Some time ago I began receiving invitations from a nice man named Bob Farley, to come down to The Society for the Preservation of Variety Arts, to attend one of the performances of this talented group of actors and audial thespians who, for five seasons, have been recreating in the plush and charming environs of the Center, the lost thrills of attending a radio drama studio presentation.
Finally, on a Wednesday evening last November, in company with a few friends who were also curious about what a “live radio show” might be like, we drove down the Harbor Freeway, got off at 6th (and found ourselves close enough to The Pantry, which is catty-corner to the Variety Arts Center, to have a late night T-bone), and entered the sumptuous, festive building, which was worth the trip itself. The Variety Arts Center was built in 1926, in a much more elegant era, and was converted into its p
resent form in the mid-Seventies. There is a spiffy Variety Roof Garden restaurant on the top floor, a W. C. Fields bar, an Earl Carroll Lounge, a library of irreplaceable theater tomes and memorabilia, the Tin Pan Alley cabaret theater where old films are shown, and a 1200 seat theater on the main floor.

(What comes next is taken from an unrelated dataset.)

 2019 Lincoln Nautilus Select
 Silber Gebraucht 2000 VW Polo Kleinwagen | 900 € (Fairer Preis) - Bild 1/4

It is a splendid building, oozing eclat, lustrous and gorgeous, resonating to memories of times gone by when the ash had not settled quite so thickly over good taste in this land. It’s the physical manifestation of scenes from Jack Finney’s superb novel TIME AND AGAIN. It is the sound of Louis Armstrong playing “One of These Days” with Fletcher Henderson’s Orchestra on an 80-groove-per inch 1924 shellac disc. It is a world away from Chuck E. Cheese video game parlors and plastic paraphernalia. It’s the sort of place to which you would wear a Borsalino hat, where you’d sit quietly reading poetry by Hillaire Belloc, tales of archy & mehitabel by Don Marquis or a James M. Cain novel.
And it was there, one Wednesday night last November that my friends and I ascended in the little elevator to the third floor where, in the Tin Pan Alley cabaret theater, with its tiny bar set into one wall, we saw a splendid group of performers under the direction of Roger Rittner recreate episodes of Doc Savage and The Green Hornet.